The ISD is hoping to work on a variety of capital improvement projects for its facilities, with Dewey giving roof repairs and parking lot improvements at its career center in Bay City as an example, but he said the ISD intends on working on all other buildings. He said the total cost would be $1.5 million over a four year period.
“We aren’t allowed to pass a millage,” Dewey said. “We have to designate funds to do it, and since we can’t do it in one year, we’ll do it in a four year period instead.”
Dewey said the ISD is looking at estimated revenues of $5.5 million for its general fund in the upcoming fiscal year, with estimated expenses of $6.4 million. Since the budget must be balanced, he said the ISD would work on getting both numbers to equal out as close as possible.
One way Dewey hoped to do this was through grant programs. He said the ISD anticipates receiving a variety of grants through the state for general education and special education, which would help the budget out.
The special education budget is much closer, with an estimated $20.5 million in revenues and $21.6 million in expenditures, Dewey said. The special education budget having a larger expenditure amount is not surprising due to how the revenue is allocated, he added.
Dewey explained that the ISD transfers special education money out of the budget and to the local school districts at the end of the year. As a result, the expenditures are skewed, he said.
“We have to incorporate it into our fund distribution, include it as revenue and then transfer it out,” Dewey said. “The budget will always be skewed somewhat, and would always have more expenditures.”
Finally, he said the career technology budget is currently estimated at $9.5 million in revenues and $9.7 million in expenditures.
Dewey said retirement costs are the biggest problem facing the ISD. The ISD will have to set aside 27.7 percent of its payroll funds for retirees for the next fiscal year, unless a state effort to reduce that number to around 24 percent comes through.
Dewey also said state officials are talking about introducing best practices funding for school districts, including the ISD. Two proposals are floating around Lansing at the moment, he said: Gov. Rick Snyder is proposing 95 percent of districts’ funding will go out as usual, with the extra 5 percent being reliant on completing those best practices. A competing proposal in the state House of Representatives would give districts 100 percent of their funding, plus an additional five percent for completing the practices.

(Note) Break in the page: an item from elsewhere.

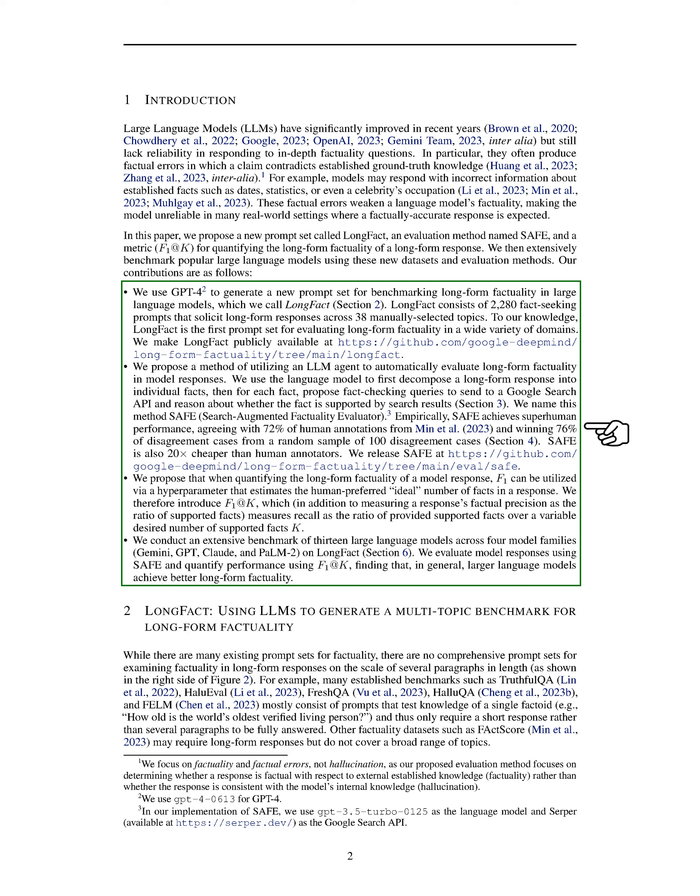Third, proposing the use of a hyperparameter denoted as F1@K to estimate the ideal number of facts in a response when assessing factuality. The metric F1@K evaluates both the precision and recall of factual information in responses.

Dewey said the ISD should be able to complete any best practices proposal put forth by Lansing.
Special education funds come partially from the state, while other funds come from the ISD’s charter millage. Dewey said the ISD has been able to find creative sources of revenue, however, such as selling excess Internet bandwidth to Saginaw Valley State University on evenings and weekends.
In total the ISD budget comes out to about $33 million for the year.
Dewey also said a job-training program with Delta College has paid off for two ISD students. Under the program, students can work with college staff to learn the ropes of a specific job, and Dewey said two students had been hired for permanent positions.
“They will be contributing members of society thanks to the program,” Dewey said.